**WHAT THIS TASK INVOLVES:** The word "Chevrolet" occurs in some of the lines below; copy each of those lines.

**EXERCISE INPUTS:**
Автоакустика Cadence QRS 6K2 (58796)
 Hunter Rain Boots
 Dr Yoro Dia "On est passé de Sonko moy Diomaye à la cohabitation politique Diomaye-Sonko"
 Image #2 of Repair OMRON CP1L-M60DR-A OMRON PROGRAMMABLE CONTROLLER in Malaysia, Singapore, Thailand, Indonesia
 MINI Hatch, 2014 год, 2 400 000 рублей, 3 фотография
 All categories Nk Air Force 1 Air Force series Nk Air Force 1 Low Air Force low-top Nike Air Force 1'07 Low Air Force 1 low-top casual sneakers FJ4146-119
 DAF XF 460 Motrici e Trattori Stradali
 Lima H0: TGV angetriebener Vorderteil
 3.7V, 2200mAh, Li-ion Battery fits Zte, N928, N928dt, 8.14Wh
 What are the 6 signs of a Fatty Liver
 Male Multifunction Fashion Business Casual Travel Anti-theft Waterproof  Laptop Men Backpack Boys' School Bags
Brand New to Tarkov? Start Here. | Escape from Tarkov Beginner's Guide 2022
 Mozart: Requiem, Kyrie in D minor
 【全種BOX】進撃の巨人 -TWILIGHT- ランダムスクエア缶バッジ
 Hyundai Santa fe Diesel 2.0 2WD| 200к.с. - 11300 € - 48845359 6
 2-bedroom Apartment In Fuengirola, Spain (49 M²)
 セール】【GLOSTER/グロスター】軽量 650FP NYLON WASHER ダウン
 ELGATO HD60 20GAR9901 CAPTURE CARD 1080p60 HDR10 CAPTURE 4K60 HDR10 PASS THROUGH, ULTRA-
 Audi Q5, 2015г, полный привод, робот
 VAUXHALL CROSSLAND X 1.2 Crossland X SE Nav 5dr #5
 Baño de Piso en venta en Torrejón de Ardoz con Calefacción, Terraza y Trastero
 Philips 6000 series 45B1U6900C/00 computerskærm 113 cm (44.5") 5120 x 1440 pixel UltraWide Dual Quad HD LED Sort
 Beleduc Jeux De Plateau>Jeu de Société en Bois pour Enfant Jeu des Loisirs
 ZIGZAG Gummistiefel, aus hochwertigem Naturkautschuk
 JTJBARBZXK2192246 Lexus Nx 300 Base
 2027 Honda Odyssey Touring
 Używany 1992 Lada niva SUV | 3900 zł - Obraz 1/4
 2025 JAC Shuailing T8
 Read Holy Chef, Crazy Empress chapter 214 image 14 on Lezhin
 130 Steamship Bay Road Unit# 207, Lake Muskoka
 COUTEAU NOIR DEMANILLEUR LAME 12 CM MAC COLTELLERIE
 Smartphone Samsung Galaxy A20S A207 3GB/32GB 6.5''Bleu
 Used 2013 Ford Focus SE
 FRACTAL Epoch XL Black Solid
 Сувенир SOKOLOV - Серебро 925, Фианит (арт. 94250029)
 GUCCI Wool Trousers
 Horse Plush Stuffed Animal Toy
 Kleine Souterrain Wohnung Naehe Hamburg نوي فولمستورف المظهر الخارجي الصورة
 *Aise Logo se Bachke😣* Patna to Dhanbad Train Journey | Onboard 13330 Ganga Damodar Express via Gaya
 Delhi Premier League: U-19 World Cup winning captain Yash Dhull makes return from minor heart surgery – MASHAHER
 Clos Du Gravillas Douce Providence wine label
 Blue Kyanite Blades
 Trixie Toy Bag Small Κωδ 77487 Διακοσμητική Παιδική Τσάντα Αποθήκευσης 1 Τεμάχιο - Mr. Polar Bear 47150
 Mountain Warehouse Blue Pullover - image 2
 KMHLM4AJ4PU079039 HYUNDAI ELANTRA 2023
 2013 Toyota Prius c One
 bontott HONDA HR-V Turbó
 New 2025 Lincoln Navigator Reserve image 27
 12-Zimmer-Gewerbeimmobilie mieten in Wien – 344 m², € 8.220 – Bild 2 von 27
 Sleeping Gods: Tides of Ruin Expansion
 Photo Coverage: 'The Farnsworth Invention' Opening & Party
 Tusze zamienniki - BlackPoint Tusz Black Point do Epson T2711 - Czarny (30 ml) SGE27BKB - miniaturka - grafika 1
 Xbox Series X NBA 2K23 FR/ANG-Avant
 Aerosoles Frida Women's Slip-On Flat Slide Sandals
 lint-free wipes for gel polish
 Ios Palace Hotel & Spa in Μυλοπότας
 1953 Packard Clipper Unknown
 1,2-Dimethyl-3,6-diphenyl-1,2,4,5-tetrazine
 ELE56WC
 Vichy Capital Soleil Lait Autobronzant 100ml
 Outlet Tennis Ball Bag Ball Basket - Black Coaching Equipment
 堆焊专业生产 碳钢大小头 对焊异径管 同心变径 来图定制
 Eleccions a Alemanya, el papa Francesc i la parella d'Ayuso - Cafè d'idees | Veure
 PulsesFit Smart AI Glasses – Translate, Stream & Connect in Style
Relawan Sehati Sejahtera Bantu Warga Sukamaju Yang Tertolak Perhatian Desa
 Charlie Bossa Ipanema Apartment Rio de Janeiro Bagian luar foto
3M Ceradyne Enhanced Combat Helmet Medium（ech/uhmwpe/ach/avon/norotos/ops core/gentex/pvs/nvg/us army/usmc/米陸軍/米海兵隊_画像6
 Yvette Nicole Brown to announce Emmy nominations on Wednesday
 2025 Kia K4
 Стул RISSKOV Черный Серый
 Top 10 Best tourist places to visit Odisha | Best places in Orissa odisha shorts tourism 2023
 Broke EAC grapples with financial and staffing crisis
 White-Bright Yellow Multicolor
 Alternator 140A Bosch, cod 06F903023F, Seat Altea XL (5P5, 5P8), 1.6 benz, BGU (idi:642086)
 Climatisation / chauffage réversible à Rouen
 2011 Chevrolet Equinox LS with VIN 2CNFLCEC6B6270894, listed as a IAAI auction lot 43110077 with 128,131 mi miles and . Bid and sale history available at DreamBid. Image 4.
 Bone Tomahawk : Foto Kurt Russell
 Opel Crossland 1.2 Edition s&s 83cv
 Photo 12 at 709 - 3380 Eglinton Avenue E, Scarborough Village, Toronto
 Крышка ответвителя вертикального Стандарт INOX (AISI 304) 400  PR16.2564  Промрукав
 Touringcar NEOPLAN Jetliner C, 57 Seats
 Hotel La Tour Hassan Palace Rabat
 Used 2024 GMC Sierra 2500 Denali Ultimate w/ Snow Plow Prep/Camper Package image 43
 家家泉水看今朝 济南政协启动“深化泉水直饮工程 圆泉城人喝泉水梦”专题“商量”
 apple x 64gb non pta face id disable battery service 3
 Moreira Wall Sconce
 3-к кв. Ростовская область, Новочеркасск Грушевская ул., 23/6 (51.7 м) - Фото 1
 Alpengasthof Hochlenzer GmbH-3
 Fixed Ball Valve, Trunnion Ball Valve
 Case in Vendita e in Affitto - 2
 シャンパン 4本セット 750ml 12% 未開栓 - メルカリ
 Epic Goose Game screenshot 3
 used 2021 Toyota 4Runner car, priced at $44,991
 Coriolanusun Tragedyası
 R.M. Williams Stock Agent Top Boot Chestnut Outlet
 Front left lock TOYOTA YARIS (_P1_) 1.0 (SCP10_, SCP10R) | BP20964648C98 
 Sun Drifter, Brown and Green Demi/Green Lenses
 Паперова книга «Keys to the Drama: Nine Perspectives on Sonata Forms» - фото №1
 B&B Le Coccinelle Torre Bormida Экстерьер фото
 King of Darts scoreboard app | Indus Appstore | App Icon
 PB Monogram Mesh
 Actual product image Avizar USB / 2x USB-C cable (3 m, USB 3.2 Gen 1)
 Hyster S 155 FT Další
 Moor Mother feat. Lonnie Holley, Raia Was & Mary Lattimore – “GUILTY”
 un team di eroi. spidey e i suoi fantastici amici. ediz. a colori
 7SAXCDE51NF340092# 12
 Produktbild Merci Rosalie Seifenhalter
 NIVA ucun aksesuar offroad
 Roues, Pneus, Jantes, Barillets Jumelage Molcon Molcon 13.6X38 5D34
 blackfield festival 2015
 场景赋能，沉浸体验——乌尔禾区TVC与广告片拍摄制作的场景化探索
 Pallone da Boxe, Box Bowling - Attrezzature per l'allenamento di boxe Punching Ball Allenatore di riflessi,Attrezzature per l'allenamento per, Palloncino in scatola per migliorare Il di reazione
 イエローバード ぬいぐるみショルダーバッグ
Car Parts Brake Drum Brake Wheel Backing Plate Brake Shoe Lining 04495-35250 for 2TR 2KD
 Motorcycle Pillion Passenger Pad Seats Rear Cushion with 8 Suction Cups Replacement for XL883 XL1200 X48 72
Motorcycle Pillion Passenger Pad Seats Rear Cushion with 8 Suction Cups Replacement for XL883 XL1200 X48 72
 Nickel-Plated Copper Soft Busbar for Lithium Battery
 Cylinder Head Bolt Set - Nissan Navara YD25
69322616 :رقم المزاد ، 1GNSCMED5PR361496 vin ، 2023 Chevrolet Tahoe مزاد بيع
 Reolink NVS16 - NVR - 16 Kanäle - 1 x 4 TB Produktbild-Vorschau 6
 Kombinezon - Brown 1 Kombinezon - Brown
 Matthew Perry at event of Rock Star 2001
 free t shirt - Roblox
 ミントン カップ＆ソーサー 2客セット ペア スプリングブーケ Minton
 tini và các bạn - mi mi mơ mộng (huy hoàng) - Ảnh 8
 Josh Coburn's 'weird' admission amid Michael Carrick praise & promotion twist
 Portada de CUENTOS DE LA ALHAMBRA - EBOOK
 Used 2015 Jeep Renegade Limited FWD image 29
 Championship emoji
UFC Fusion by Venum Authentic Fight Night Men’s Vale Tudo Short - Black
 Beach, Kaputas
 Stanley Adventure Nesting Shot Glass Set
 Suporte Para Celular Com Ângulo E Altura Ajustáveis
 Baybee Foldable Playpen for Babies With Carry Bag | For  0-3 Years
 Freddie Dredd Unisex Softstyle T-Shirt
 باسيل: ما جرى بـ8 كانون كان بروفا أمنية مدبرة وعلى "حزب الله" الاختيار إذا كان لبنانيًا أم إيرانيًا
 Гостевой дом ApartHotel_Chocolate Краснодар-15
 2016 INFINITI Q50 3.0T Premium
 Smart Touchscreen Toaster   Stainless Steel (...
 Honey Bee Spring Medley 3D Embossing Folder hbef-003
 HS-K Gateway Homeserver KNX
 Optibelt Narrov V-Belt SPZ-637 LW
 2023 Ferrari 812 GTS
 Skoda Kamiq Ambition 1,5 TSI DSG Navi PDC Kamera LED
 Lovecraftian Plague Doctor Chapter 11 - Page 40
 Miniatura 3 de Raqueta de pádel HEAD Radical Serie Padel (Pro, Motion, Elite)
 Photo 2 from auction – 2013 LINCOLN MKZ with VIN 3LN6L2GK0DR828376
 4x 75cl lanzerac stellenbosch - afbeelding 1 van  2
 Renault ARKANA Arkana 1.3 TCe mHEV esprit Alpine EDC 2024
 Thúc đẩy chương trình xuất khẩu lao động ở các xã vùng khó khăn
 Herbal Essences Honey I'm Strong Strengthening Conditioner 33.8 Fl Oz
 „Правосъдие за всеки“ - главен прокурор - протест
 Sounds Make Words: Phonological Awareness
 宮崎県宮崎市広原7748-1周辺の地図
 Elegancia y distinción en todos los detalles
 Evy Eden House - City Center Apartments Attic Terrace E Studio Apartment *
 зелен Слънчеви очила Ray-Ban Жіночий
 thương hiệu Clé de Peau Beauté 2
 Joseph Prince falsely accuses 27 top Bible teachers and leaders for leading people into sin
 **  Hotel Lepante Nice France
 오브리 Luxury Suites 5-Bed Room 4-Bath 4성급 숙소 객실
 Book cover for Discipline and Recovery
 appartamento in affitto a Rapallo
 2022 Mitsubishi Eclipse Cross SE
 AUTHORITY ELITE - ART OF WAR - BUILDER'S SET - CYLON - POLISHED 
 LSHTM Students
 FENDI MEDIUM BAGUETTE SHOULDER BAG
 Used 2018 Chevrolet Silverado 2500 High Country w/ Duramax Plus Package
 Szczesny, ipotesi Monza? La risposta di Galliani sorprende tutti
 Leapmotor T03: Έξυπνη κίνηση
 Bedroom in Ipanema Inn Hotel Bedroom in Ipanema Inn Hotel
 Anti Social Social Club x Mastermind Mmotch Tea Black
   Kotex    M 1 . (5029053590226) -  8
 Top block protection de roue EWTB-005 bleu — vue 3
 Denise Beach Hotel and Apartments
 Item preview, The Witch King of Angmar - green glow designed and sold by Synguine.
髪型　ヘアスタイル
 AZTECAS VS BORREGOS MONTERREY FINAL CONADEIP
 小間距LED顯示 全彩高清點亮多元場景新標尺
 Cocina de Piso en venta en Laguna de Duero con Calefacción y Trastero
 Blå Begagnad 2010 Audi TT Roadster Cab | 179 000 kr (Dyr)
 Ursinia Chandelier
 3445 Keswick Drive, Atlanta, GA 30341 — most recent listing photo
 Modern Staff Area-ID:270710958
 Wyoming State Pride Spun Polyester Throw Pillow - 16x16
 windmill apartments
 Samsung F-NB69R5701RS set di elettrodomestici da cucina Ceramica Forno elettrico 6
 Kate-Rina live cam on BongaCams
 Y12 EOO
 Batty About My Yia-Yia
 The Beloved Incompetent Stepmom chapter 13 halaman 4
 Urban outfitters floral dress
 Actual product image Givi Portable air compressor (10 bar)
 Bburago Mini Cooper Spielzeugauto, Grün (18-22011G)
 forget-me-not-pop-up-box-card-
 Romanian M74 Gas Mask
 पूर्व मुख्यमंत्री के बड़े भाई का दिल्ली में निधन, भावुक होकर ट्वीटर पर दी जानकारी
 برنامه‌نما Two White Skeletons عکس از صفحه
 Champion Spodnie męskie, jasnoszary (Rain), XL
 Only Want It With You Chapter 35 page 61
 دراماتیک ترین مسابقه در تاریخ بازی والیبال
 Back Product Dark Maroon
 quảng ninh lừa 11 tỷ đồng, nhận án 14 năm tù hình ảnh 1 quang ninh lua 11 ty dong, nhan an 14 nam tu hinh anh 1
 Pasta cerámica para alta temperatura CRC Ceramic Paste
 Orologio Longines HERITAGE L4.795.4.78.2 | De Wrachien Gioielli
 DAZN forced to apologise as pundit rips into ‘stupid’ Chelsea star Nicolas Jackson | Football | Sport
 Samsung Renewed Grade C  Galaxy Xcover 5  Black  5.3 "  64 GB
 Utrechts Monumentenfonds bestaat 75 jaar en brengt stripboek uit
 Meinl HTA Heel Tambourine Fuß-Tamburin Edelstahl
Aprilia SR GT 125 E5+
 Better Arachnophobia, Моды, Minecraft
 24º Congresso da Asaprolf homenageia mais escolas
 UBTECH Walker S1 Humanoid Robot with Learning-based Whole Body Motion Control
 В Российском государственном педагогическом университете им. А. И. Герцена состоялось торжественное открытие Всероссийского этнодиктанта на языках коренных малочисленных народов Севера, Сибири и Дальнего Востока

**ANSWER BOX:**
 2011 Chevrolet Equinox LS with VIN 2CNFLCEC6B6270894, listed as a IAAI auction lot 43110077 with 128,131 mi miles and . Bid and sale history available at DreamBid. Image 4.
69322616 :رقم المزاد ، 1GNSCMED5PR361496 vin ، 2023 Chevrolet Tahoe مزاد بيع
 Used 2018 Chevrolet Silverado 2500 High Country w/ Duramax Plus Package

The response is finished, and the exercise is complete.